All variables included in the original dataset appear like they could be relevant for data analysis, and all are named appropriately - easily understood.
library(ggplot2)
ggplot(data = data, aes(x = Major_category , y = Grad_unemployment_rate))+
geom_point() +
scale_x_discrete(guide = guide_axis(angle = 90))
ggplot(data = data, aes(x = Major_category , y = Grad_median))+
geom_point() +
scale_x_discrete(guide = guide_axis(angle = 90))
Explanation:
The graphs above give us a baseline understanding of the potential outcomes for a student deciding which grad major area to pursue. For example the majors in the education category show a low level of unemployment, but also a lower level of earnings power. Engineering has above average median earnings, with a relatively average unemployment rate.

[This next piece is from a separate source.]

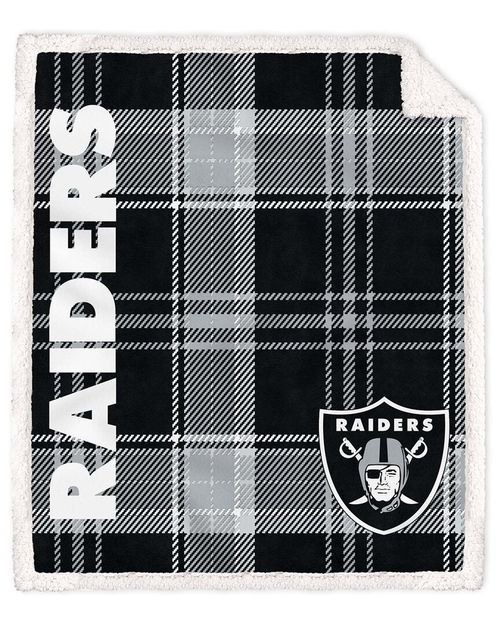 Las Vegas Raiders Nfl Team Classic Plaid Sherpa Throw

ggplot(data = data, aes(x = Grad_median)) +
geom_histogram()
## `stat_bin()` using `bins = 30`. Pick better value with `binwidth`.
Explanation:
The histogram above shows us the range of reported median salaries. This visualization reminds the student of the economic implications of their major choice. We can see that the different choices of majors can give vastly different financial situations, from earning roughly 50K to 110K
Conclusions:
Major choice can have a significant impact on future earnings, and having the data available prior to selection would benefit an informed decision.
To extend the work done in the article I would take a more active help perspective on presentation. Perhaps taking the variable “major category” and comparing major category medians can provide insight for readers actively looking for help. Choosing a career field might be a good first step to choosing a specific major.
In addition, this article was written in 2014, an update of the data for timeliness would be warrented, but to include new majors are well.